Q37. How do you decide when to use a concurrent tree vs a sync.Map?

A: If I need ordered access (range queries, min/max, sorted iteration), I use a tree. Otherwise, sync.Map for insert-once-read-many, or map + RWMutex for general purpose.

Q38. Have you ever implemented a tree from scratch in production?

A: (Be honest.) "No, I use tidwall/btree or bbolt. I would implement a custom tree only if profiling proved a library was insufficient." This answer is better than claiming custom implementations — it shows judgment.

Q39. How do you stay current with concurrent data structure research?

A: Read papers (Bw-tree, ART, MassTree, Lehman-Yao). Follow database engineering blogs. Read source of major systems (PostgreSQL, CockroachDB, Pebble). Build experimental implementations. Discuss with peers.

Q40. What is your favorite paper on concurrent data structures?

A: (Personal.) Mine: Lehman-Yao. It is short, foundational, and elegant. Other good answers: McKenney's RCU bible, Levandoski's Bw-tree, Leis's ART. Show genuine enthusiasm.

Coding Round Questions¶

Q41. Implement a thread-safe SortedSet[T] in Go.

A: See junior.md Appendix J. About 50 lines wrapping google/btree.BTreeG[T].

Q42. Implement publish/subscribe COW around tidwall/btree.

A: See middle.md Appendix AC. About 20 lines.

Q43. Implement an in-memory MVCC store with snapshot reads.

A: See senior.md Appendix BA. About 200 lines.

Q44. Implement an in-memory order book.

A: See senior.md Appendix H. About 200 lines.

Q45. Implement a TTL cache with ordered eviction.

A: See junior.md Appendix D.1. About 80 lines.

Architecture Round Questions¶

Q46. Design a metrics ingestion system handling 1M writes/sec.

A: Sharded per-series publish/subscribe COW. Background eviction. Per-shard mutex; per-series tree. Throughput: easily 1M writes/sec on ~16 cores.

Q47. Design a route table for an API gateway handling 100k requests/sec.

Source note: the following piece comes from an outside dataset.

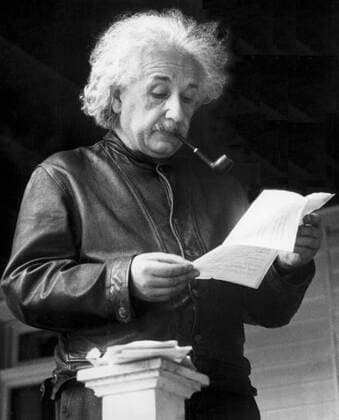 United States: May, 1938 Theoretical physicist Albert Einstein reading a letter 990_16_X-Einstein-Albert_1HR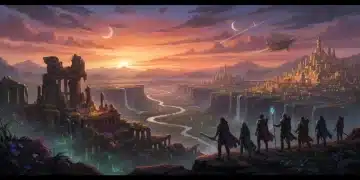 Epic fantasy saga landscape with ancient ruins and diverse adventurers at dawn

A: Publish/subscribe COW tree of (prefix, handler) pairs. Updates from control plane are infrequent; reads are every request. Lock-free reads via snapshot. Latency: < 100 μs per route lookup.

Q48. Design a feature flag service.

A: Map of (flag_id, value). Publish/subscribe COW for the map. Updates from admin UI publish new snapshots; reads on every request use the snapshot. Latency: < 10 μs per flag check.

Q49. Design a session store.

A: Sharded ordered map of (session_id, session) for O(log n) access plus per-user enumeration. Publish/subscribe COW per shard. Background TTL eviction. Throughput: > 100k requests/sec per shard.

Q50. Design a leaderboard for a real-time game.

A: Per-game ordered tree of (score desc, user_id). Publish/subscribe COW with periodic snapshot publishing. Top-N queries on the snapshot. Updates on every game tick.

Closing¶

The interview questions in this file range from basic (junior) to architecture-level (staff). A senior candidate should be comfortable with Q1-Q25. A staff candidate should handle Q26-Q35. Architecture rounds test Q46-Q50.

For each question, the reasoning matters more than the answer. Articulate your assumptions, identify the trade-offs, and defend your choice with measurement evidence (real or imagined).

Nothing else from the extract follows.